■ **Your assignment**: Your response should be the complete data, transcribed exactly.

Start of Materials provided

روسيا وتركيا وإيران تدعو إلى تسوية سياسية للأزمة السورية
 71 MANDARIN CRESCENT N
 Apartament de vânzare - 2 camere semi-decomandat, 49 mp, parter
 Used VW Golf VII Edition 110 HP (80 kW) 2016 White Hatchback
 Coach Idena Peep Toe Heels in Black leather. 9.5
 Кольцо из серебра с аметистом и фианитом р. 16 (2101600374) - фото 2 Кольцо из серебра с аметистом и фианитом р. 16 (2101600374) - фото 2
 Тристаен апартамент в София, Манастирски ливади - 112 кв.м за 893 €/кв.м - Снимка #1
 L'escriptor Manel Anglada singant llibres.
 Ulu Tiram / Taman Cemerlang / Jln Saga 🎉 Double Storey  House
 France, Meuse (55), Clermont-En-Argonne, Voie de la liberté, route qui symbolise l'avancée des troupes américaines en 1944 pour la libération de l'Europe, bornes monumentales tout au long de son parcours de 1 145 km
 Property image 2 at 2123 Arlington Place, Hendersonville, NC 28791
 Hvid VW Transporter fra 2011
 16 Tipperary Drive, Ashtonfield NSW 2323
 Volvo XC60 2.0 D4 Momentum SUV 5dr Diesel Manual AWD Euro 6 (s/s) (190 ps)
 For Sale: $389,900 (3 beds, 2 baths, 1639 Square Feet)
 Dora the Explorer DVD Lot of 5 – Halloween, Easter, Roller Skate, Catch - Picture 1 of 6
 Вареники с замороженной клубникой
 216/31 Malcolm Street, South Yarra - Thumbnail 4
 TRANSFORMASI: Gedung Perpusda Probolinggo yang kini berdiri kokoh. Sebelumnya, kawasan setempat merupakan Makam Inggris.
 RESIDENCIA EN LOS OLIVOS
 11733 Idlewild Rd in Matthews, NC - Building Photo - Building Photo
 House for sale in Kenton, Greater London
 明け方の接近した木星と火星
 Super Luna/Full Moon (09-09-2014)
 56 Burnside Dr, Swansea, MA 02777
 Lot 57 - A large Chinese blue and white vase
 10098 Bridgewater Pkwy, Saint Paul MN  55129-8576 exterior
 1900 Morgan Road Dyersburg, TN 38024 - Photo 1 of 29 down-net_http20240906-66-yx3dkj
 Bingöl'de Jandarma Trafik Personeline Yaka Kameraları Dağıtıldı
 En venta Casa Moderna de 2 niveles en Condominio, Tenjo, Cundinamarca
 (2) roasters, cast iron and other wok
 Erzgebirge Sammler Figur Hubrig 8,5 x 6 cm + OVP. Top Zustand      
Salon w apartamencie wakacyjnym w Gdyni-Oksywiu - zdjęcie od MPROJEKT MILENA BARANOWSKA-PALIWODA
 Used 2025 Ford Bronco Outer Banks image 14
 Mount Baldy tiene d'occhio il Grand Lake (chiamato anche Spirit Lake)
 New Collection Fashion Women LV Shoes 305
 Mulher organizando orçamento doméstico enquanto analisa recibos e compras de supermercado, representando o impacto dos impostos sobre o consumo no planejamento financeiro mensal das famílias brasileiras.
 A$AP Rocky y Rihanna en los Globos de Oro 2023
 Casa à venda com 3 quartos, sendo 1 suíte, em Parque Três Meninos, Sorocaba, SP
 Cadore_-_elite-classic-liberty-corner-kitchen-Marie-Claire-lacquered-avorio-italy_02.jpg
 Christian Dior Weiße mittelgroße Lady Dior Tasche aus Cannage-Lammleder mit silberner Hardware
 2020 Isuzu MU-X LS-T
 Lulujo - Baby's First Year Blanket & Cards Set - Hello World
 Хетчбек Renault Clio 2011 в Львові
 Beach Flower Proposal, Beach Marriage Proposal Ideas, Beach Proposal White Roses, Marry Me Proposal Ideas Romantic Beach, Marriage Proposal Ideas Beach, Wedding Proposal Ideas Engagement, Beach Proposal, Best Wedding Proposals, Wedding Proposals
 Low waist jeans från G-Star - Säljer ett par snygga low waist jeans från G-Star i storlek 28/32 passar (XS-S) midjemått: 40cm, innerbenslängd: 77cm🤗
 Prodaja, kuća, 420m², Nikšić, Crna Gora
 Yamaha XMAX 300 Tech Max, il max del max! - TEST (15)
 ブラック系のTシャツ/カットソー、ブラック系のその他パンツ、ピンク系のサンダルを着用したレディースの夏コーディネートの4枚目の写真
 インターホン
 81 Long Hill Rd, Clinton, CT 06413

End of Materials provided

■ **Response below**:
روسيا وتركيا وإيران تدعو إلى تسوية سياسية للأزمة السورية
 71 MANDARIN CRESCENT N
 Apartament de vânzare - 2 camere semi-decomandat, 49 mp, parter
 Used VW Golf VII Edition 110 HP (80 kW) 2016 White Hatchback
 Coach Idena Peep Toe Heels in Black leather. 9.5
 Кольцо из серебра с аметистом и фианитом р. 16 (2101600374) - фото 2 Кольцо из серебра с аметистом и фианитом р. 16 (2101600374) - фото 2
 Тристаен апартамент в София, Манастирски ливади - 112 кв.м за 893 €/кв.м - Снимка #1
 L'escriptor Manel Anglada singant llibres.
 Ulu Tiram / Taman Cemerlang / Jln Saga 🎉 Double Storey  House
 France, Meuse (55), Clermont-En-Argonne, Voie de la liberté, route qui symbolise l'avancée des troupes américaines en 1944 pour la libération de l'Europe, bornes monumentales tout au long de son parcours de 1 145 km
 Property image 2 at 2123 Arlington Place, Hendersonville, NC 28791
 Hvid VW Transporter fra 2011
 16 Tipperary Drive, Ashtonfield NSW 2323
 Volvo XC60 2.0 D4 Momentum SUV 5dr Diesel Manual AWD Euro 6 (s/s) (190 ps)
 For Sale: $389,900 (3 beds, 2 baths, 1639 Square Feet)
 Dora the Explorer DVD Lot of 5 – Halloween, Easter, Roller Skate, Catch - Picture 1 of 6
 Вареники с замороженной клубникой
 216/31 Malcolm Street, South Yarra - Thumbnail 4
 TRANSFORMASI: Gedung Perpusda Probolinggo yang kini berdiri kokoh. Sebelumnya, kawasan setempat merupakan Makam Inggris.
 RESIDENCIA EN LOS OLIVOS
 11733 Idlewild Rd in Matthews, NC - Building Photo - Building Photo
 House for sale in Kenton, Greater London
 明け方の接近した木星と火星
 Super Luna/Full Moon (09-09-2014)
 56 Burnside Dr, Swansea, MA 02777
 Lot 57 - A large Chinese blue and white vase
 10098 Bridgewater Pkwy, Saint Paul MN  55129-8576 exterior
 1900 Morgan Road Dyersburg, TN 38024 - Photo 1 of 29 down-net_http20240906-66-yx3dkj
 Bingöl'de Jandarma Trafik Personeline Yaka Kameraları Dağıtıldı
 En venta Casa Moderna de 2 niveles en Condominio, Tenjo, Cundinamarca
 (2) roasters, cast iron and other wok
 Erzgebirge Sammler Figur Hubrig 8,5 x 6 cm + OVP. Top Zustand      
Salon w apartamencie wakacyjnym w Gdyni-Oksywiu - zdjęcie od MPROJEKT MILENA BARANOWSKA-PALIWODA
 Used 2025 Ford Bronco Outer Banks image 14
 Mount Baldy tiene d'occhio il Grand Lake (chiamato anche Spirit Lake)
 New Collection Fashion Women LV Shoes 305
 Mulher organizando orçamento doméstico enquanto analisa recibos e compras de supermercado, representando o impacto dos impostos sobre o consumo no planejamento financeiro mensal das famílias brasileiras.
 A$AP Rocky y Rihanna en los Globos de Oro 2023
 Casa à venda com 3 quartos, sendo 1 suíte, em Parque Três Meninos, Sorocaba, SP
 Cadore_-_elite-classic-liberty-corner-kitchen-Marie-Claire-lacquered-avorio-italy_02.jpg
 Christian Dior Weiße mittelgroße Lady Dior Tasche aus Cannage-Lammleder mit silberner Hardware
 2020 Isuzu MU-X LS-T
 Lulujo - Baby's First Year Blanket & Cards Set - Hello World
 Хетчбек Renault Clio 2011 в Львові
 Beach Flower Proposal, Beach Marriage Proposal Ideas, Beach Proposal White Roses, Marry Me Proposal Ideas Romantic Beach, Marriage Proposal Ideas Beach, Wedding Proposal Ideas Engagement, Beach Proposal, Best Wedding Proposals, Wedding Proposals
 Low waist jeans från G-Star - Säljer ett par snygga low waist jeans från G-Star i storlek 28/32 passar (XS-S) midjemått: 40cm, innerbenslängd: 77cm🤗
 Prodaja, kuća, 420m², Nikšić, Crna Gora
 Yamaha XMAX 300 Tech Max, il max del max! - TEST (15)
 ブラック系のTシャツ/カットソー、ブラック系のその他パンツ、ピンク系のサンダルを着用したレディースの夏コーディネートの4枚目の写真
 インターホン
 81 Long Hill Rd, Clinton, CT 06413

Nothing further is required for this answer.